(Extracted records)
Content starts

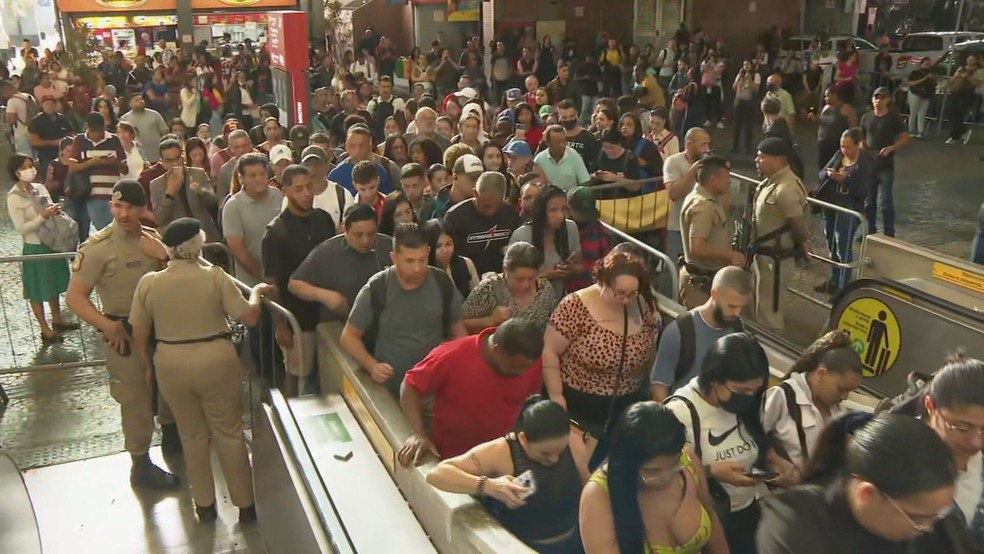 Greve metrô SP — Foto: TV Globo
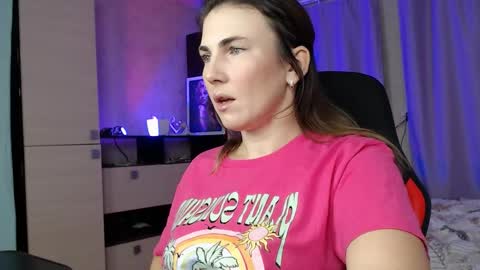 Snapshot of danielacooperx chatting on 10.18.25 Daniela Cooper online show from 10.18.25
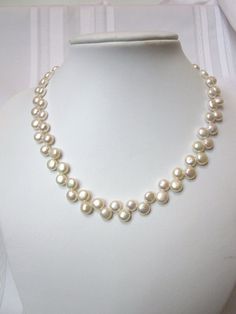 White Pearl Necklace of Zig Zag, Top-Drilled, Button, Fresh Water Cultured Pearls, Wedding, Bride, P Palm Art, Bridal Necklaces, Jewel Design, Pearl Crafts, Simple Pearl Necklace, White Pearl Jewelry, Antique Necklaces Design, Tamil Brides, Pearls Wedding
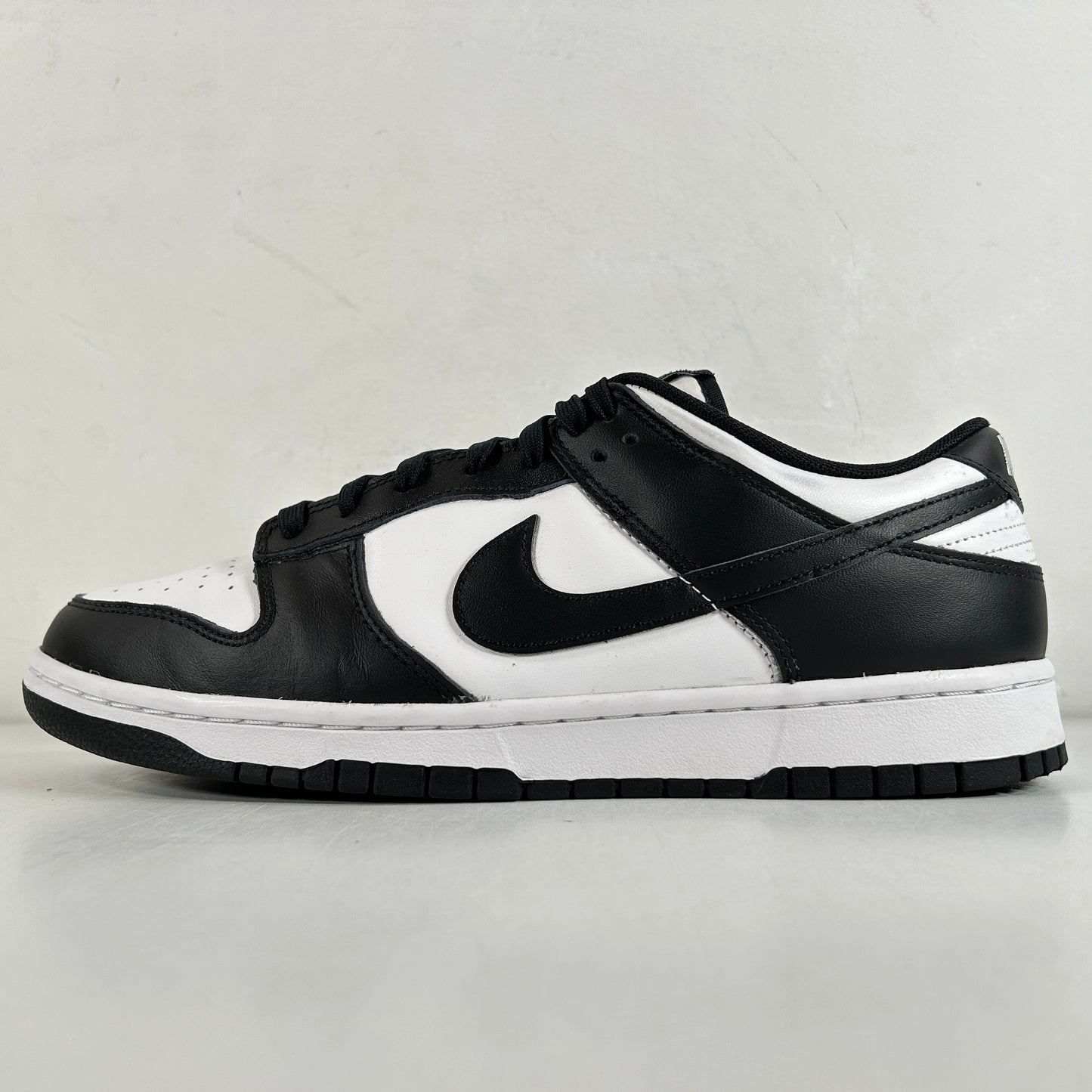 DD1391 100 Dunk Low White Black [USED] - 12 M (Used) (No Box)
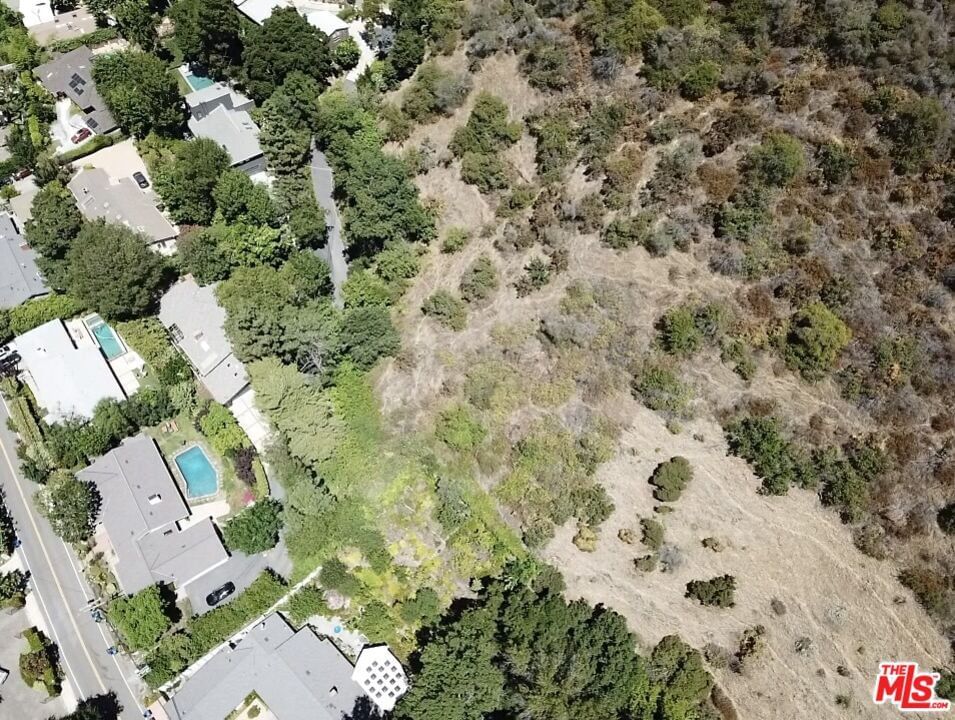 Mandeville Canyon photo 9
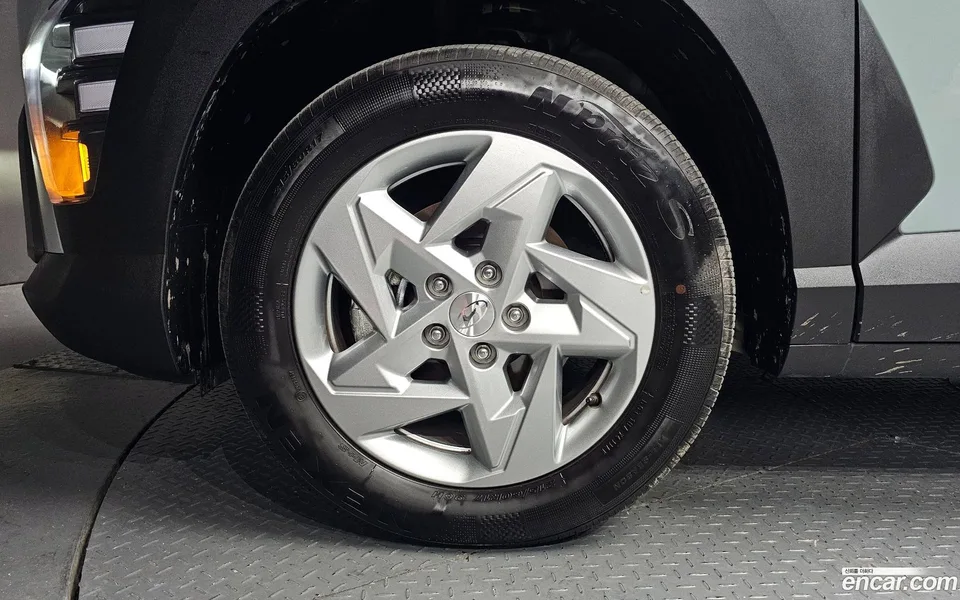 Hyundai Kona 1.6 2WD 2025 — миниатюра 2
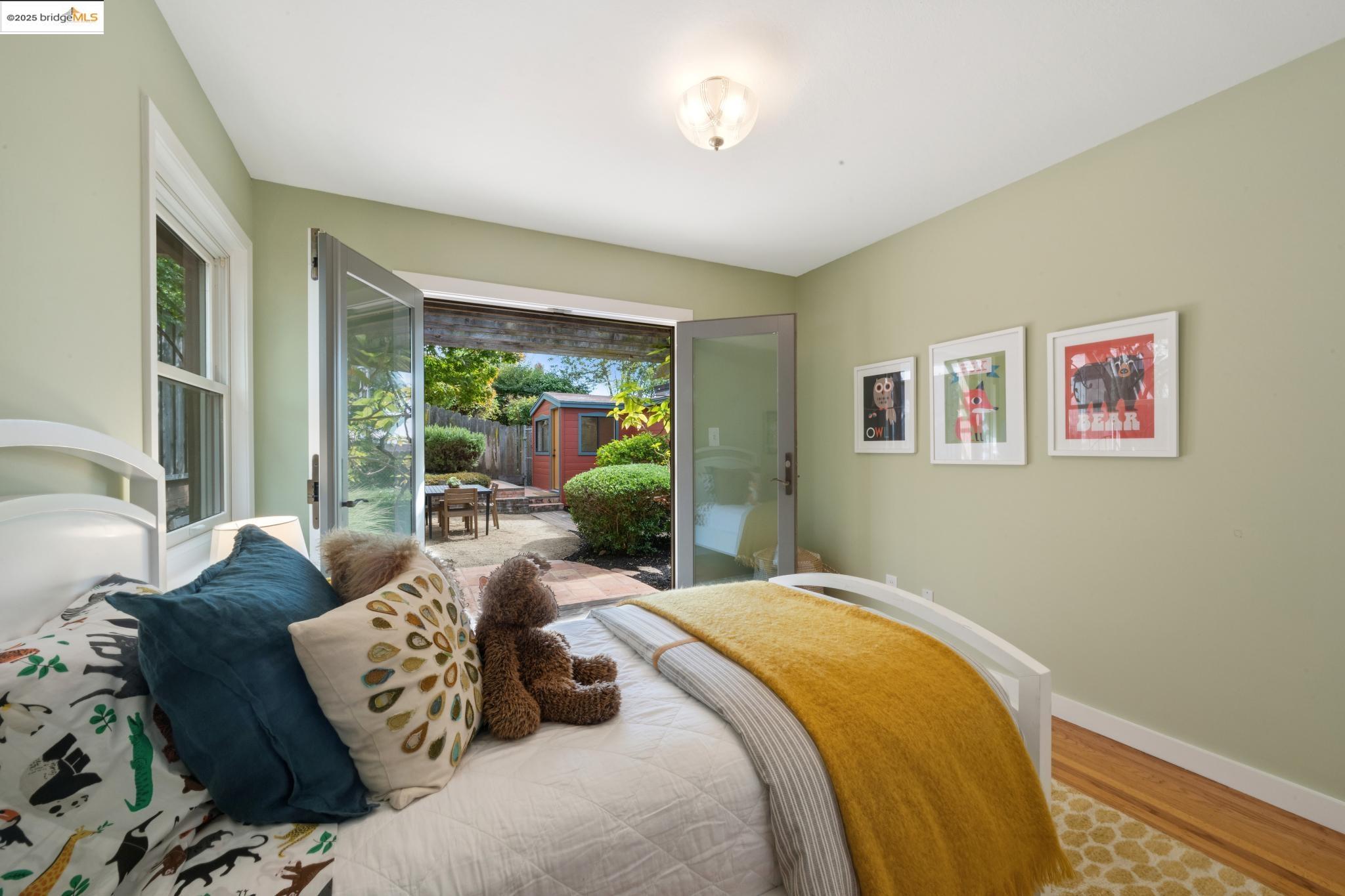 Detail Gallery Image 24 of 47 For 1510 Valley Rd, Kensington,  CA 94707 - 2 Beds | 2 Baths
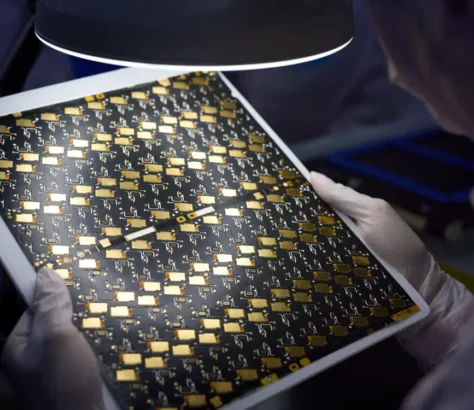 Apple hits 30% recycled content milestone in its products.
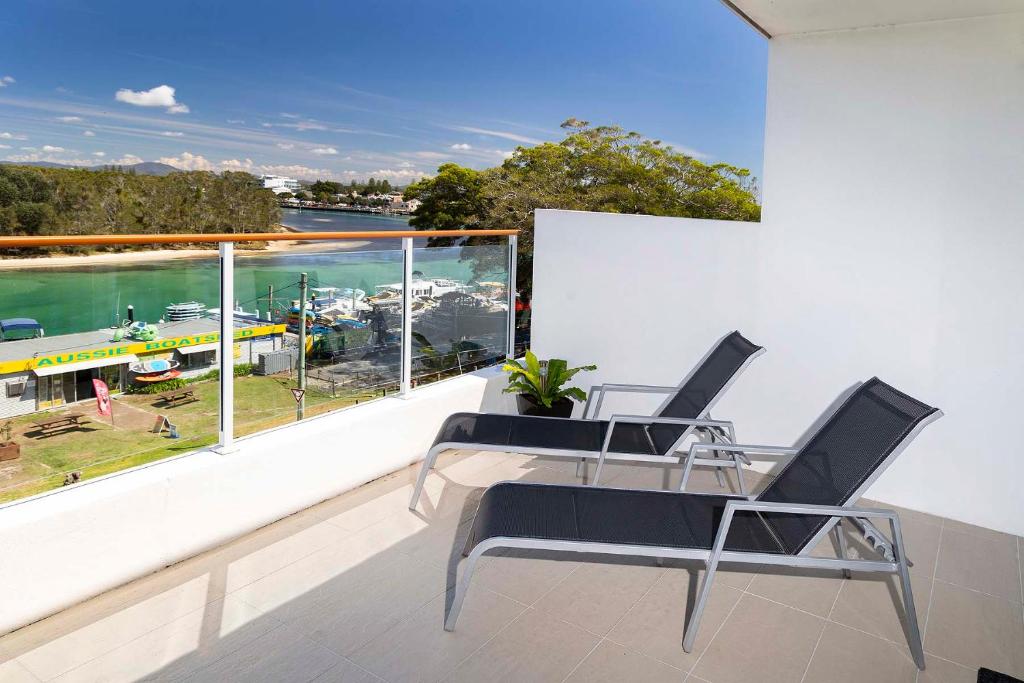 Waterline 304, Forster (updated prices 2024)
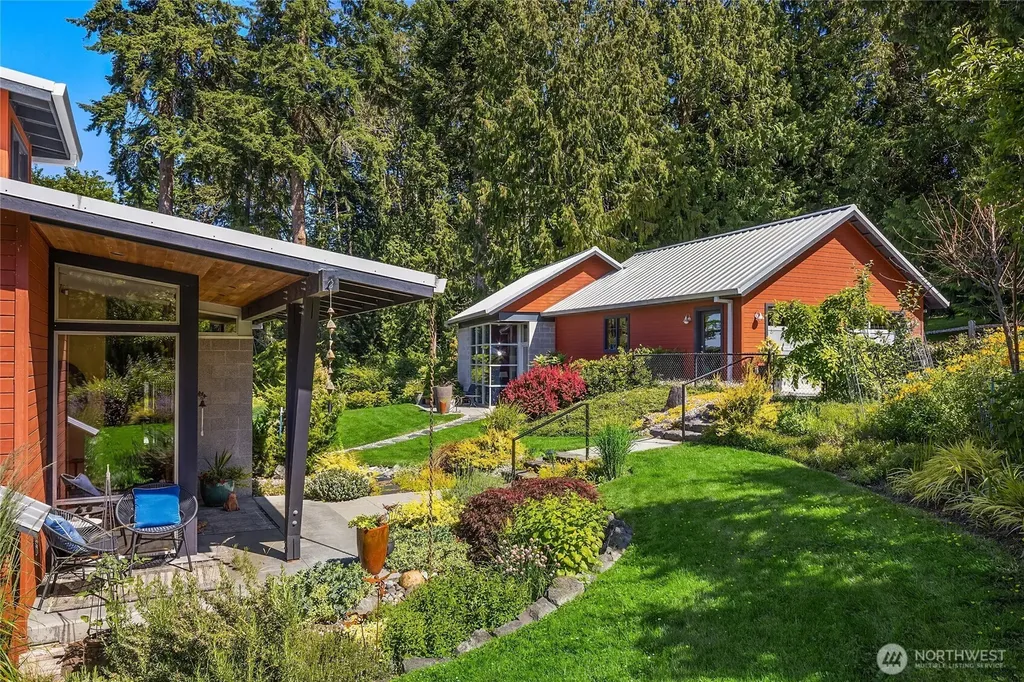 6017 Rose Loop NE Bainbridge Island WA 98110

Content ends

• [DIRECTIONS FOR THIS TASK]: Repeat exactly the lines in the entries from the one containing "White Pearl Necklace" to the final line, inclusive, and nothing beyond them; skip pictures.

• [ANSWER TO THIS PROBLEM]:
 White Pearl Necklace of Zig Zag, Top-Drilled, Button, Fresh Water Cultured Pearls, Wedding, Bride, P Palm Art, Bridal Necklaces, Jewel Design, Pearl Crafts, Simple Pearl Necklace, White Pearl Jewelry, Antique Necklaces Design, Tamil Brides, Pearls Wedding
 DD1391 100 Dunk Low White Black [USED] - 12 M (Used) (No Box)
 Mandeville Canyon photo 9
 Hyundai Kona 1.6 2WD 2025 — миниатюра 2
 Detail Gallery Image 24 of 47 For 1510 Valley Rd, Kensington,  CA 94707 - 2 Beds | 2 Baths
 Apple hits 30% recycled content milestone in its products.
 Waterline 304, Forster (updated prices 2024)
 6017 Rose Loop NE Bainbridge Island WA 98110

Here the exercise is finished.